The American Supply Association (ASA) led several industry groups recently in filing an amicus curiae brief to the Supreme Court of the United States.

Joined by the American Lighting Association, the American Veterinary Association and other national associations, the brief was in support of a South Dakota case making its way to the high court.

An amicus curiae brief is written to bring to the court’s attention relevant matters not already brought to its attention by the parties in the case. ASA was asked to file a brief dealing with the burden placed on plumbing wholesalers by the practice known as showrooming, the ongoing trend of customers receiving the benefit of ASA members’ talented workforces, the measuring of and learning about products, only to customers make the purchase over the internet.

“As our members have long said, the investments made in showrooms as well as having a well-trained, dedicated staff knowledgeable of the latest trends is significant,” ASA Director of Government Affairs Dan Hilton said. “The business lost due to showrooming has a measurable impact on our communities, as the loss of revenue starves resources that belong to first responders, schools, and other stakeholders in state and local government.”

This September, the Supreme Court of South Dakota ruled in favor of internet seller over the issue of online sales tax collection. Specifically, South Dakota, a state with no state income tax, passed a law extending the obligation to collect and remit sales tax to sellers with no physical presence in the state.

In response to a 1992 case in which the Supreme Court ruled in favor of Quill Corporation in Quill v. North Dakota, Justice Kennedy had opened the door to a legal challenge to the 25-year-old ruling. Predating the explosion of internet sales, the Supreme Court ruled that a business must have a physical presence in a state for that state to require it to collect sales taxes. However, the court explicitly stated that Congress can overrule the decision through legislation.

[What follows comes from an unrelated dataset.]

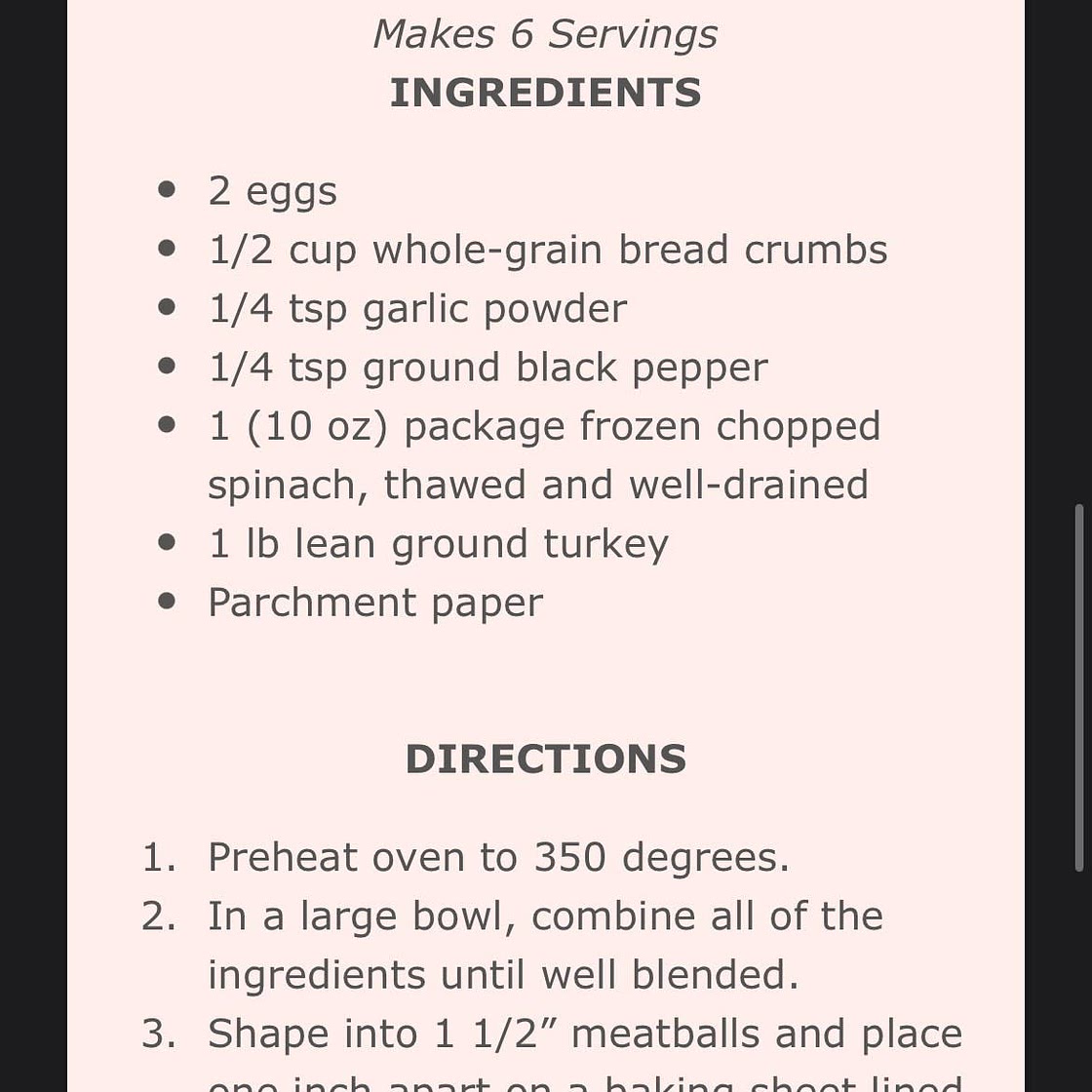 Turkey Spinach Meatballs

This is why Congress needs to pass a marketplace fairness act, which would allow states to close this loophole, ASA stressed. The Marketplace Fairness Act of 2017 would grant states the right to require out-of-state businesses, such as those selling online or through catalogs, collect state sales taxes on purchases sold into their states. Currently, states are unable to collect these taxes on purchases from remote businesses so the tax often is not paid. This sales tax loophole treats out-of-state retailers different than local brick-and-mortar businesses, creating a price disadvantage.